Cautionary Statements - Forward-Looking
Information
Certain statements in this information
constitute forward-looking statements or forward-looking
information within the meaning of applicable securities laws
("forward-looking statements"). Any statements that express or
involve discussions with respect to predictions, expectations,
beliefs, plans, projections, objectives, assumptions, potentials,
future events or performance (often, but not always, using words or
phrases such as "believes", "expects", "plans", "estimates" or
"intends" or stating that certain actions, events or results "may",
"could", "would", "might", "will" or "are projected to" be taken or
achieved) are not statements of historical fact, but are
forward-looking statements.
The forward-looking statements herein relate to, among other
things, Orvana's ability to achieve improvement in free cash flow;
the potential to extend the mine life of El Valle and Don Mario
beyond their current life-of-mine estimates including specifically,
but not limited to in the case of Don Mario, the completion of the
major tailings storage facility expansion, the mining of the Cerro
Felix deposit, the processing of the mineral stockpiles and the
reprocessing of the tailings material; Orvana's ability to optimize
its assets to deliver shareholder value; the Company's ability to
optimize productivity at Don Mario and El Valle; estimates of
future production, operating costs and capital expenditures;
mineral resource and reserve estimates; statements and information
regarding future feasibility studies and their results; future
transactions; future metal prices; the ability to achieve
additional growth and geographic diversification; future financial
performance, including the ability to increase cash flow and
profits; future financing requirements; and mine development
plans.
Forward-looking statements are necessarily based upon a
number of estimates and assumptions that, while considered
reasonable by the Company as of the date of such statements, are
inherently subject to significant business, economic and
competitive uncertainties and contingencies.
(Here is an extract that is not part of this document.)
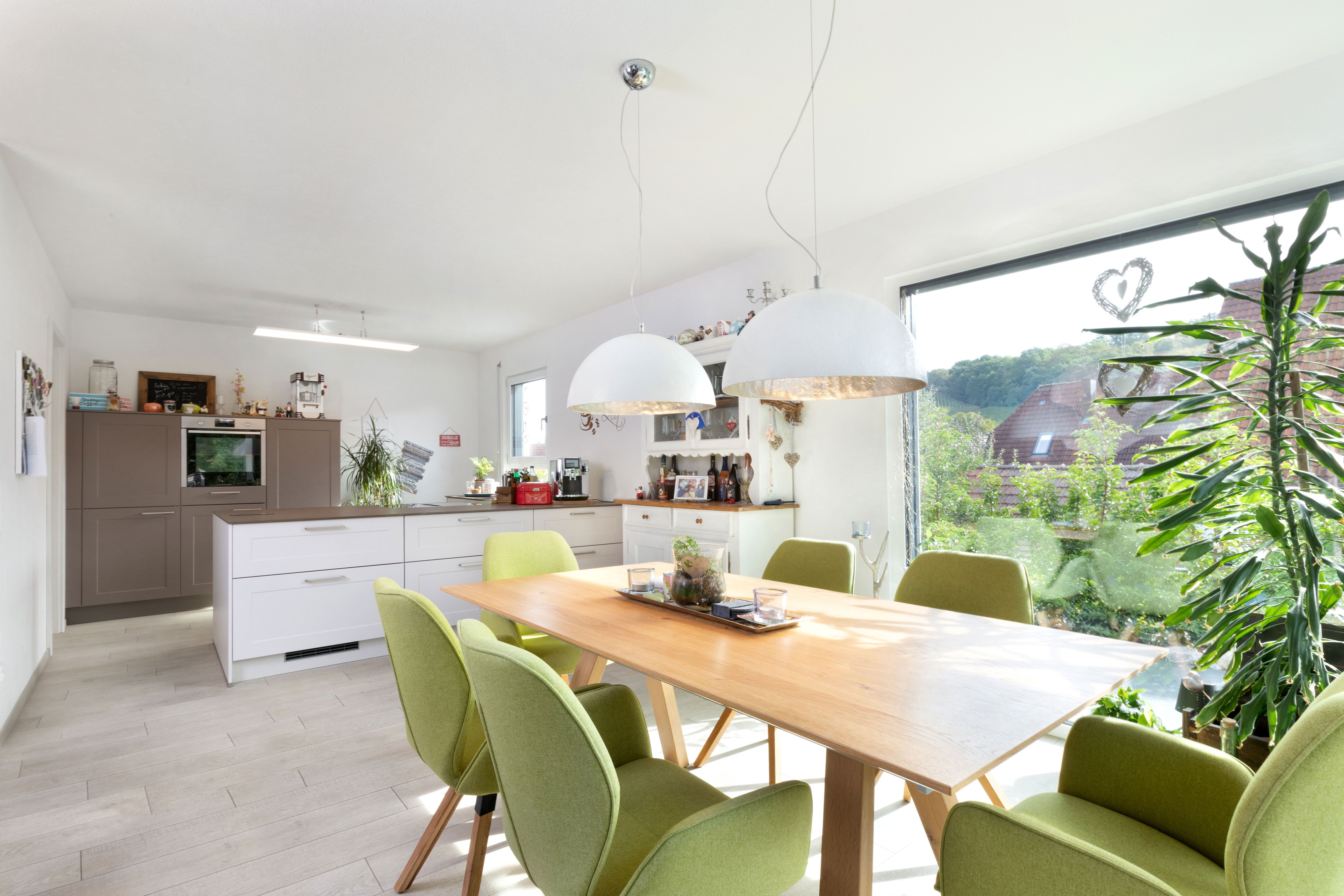 U343-walmdachbungalow-küche.jpg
The estimates and
assumptions of the Company contained or incorporated by reference
in this information, which may prove to be incorrect, include, but
are not limited to, the various assumptions set forth herein and in
Orvana's most recently filed Management's Discussion & Analysis
and Annual Information Form in respect of the Company's most
recently completed fiscal year (the "Company Disclosures") or as
otherwise expressly incorporated herein by reference as well as:
there being no significant disruptions affecting operations,
whether due to labour disruptions, supply disruptions, power
disruptions, damage to equipment or otherwise; permitting,
development, operations, expansion and acquisitions at El Valle and
Don Mario being consistent with the Company's current expectations;
political developments in any jurisdiction in which the Company
operates being consistent with its current expectations; certain
price assumptions for gold, copper and silver; prices for key
supplies being approximately consistent with current levels;
production and cost of sales forecasts meeting expectations; the
accuracy of the Company's current mineral reserve and mineral
resource estimates; and labour and materials costs increasing on a
basis consistent with Orvana's current expectations.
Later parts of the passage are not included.